U.S. House Acts on Postpartum Depression
The House of Representatives has authorized $3 million to study the condition.
Oct. 19, 2007 — -- "It's horrible to say," said Christina*, reflecting on her depression following the birth of her first child, "but here I had this beautiful new baby, and I just didn't care about her. The feelings of love just weren't there. All I could think about was how meaningless everything seemed. I managed to feed her and change her, but that was about it."
Stories like Christina's, unfortunately, are all too common -- a situation that has prompted the U.S. House of Representatives this week to authorize spending $3 million to pursue studies of postpartum depression and to carry out a national campaign to increase awareness of the issue.
Postpartum literally means "after birth," and this period is a time when women, who suffer from depression at twice the rate that men do, are especially vulnerable.
A study in this month's American Journal of Psychiatry of more than 4,000 pregnant women showed that more than 10 percent of them suffered from major depression after giving birth.
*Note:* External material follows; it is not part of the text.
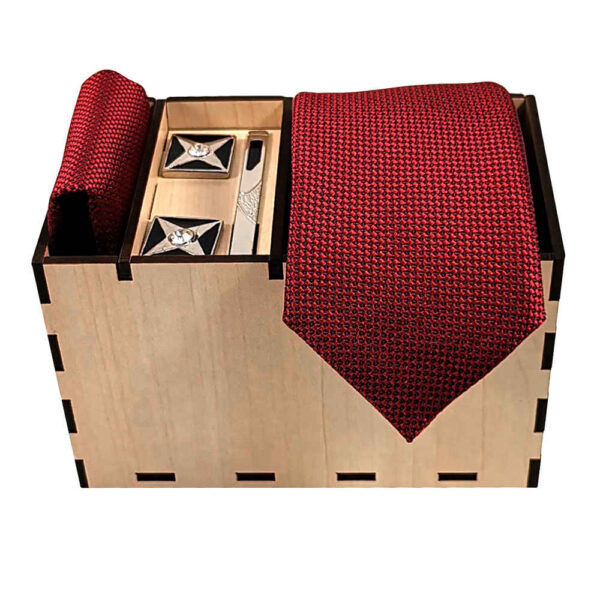Herrenkrawatte, Taschentuch & Manschettenknöpfe Set - Luxuriös Maria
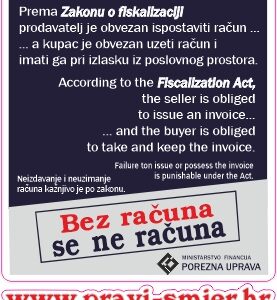 Oznaka - Pozor - Obavezan račun - mala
This study, from the Centers for Disease Control and Prevention, also found substantial, though lower, rates of depression in women just before and during pregnancy.
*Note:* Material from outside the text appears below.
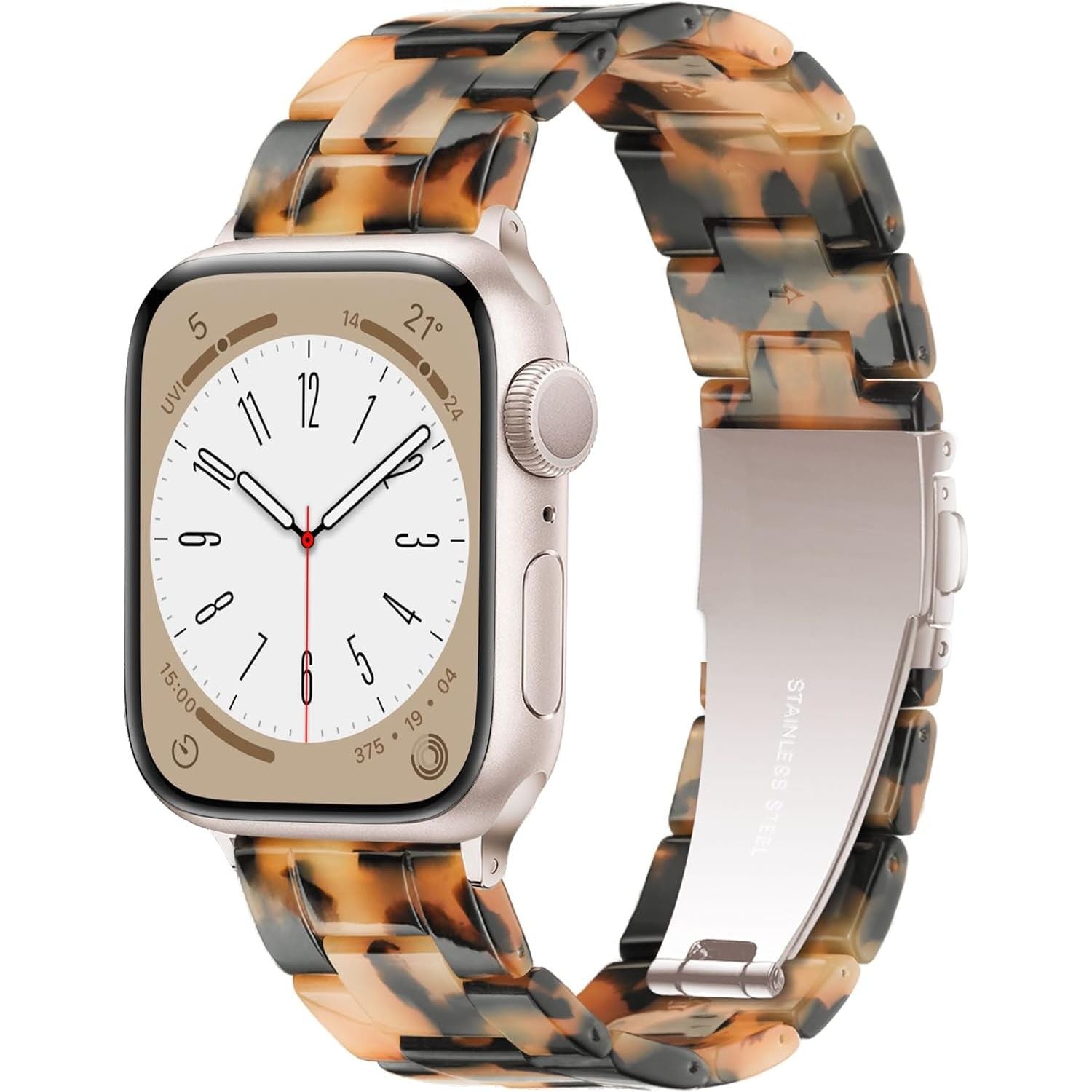 Compatible with Apple Watch Band 42Mm(Series 10) 41Mm 40Mm 38Mm, Adjustable Iwatch Strap with Stainless Steel Buckle for Apple Watch Series 10 9 8 7 6 SE 5 4 3 2 1(Tortoise Flower Starlight)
How does a time of such beauty and hope become so dark and desperate?
Can we blame it all on hormones? The female hormones estrogen and progesterone are obvious suspects, as they rise to several hundred times their normal levels in pregnancy and then drop suddenly after delivery. However, no consistent differences in hormone levels or functioning have been found between postpartum women with and without depression.
One study, however, did suggest that the change in hormone levels plays a critical role for some women. A group at the National Institute of Mental Health showed that a subset of women with a history of postpartum depression had a recurrence of depressive symptoms when high levels of estrogen and progesterone induced by medication in an experimental setting were precipitously dropped.
Several studies have shown that postpartum depression runs in families. A group from the United Kingdom found that among women with a family history of depression -- those whose sisters had experienced depression -- had a 42 percent chance of experiencing postpartum depression in their first deliveries.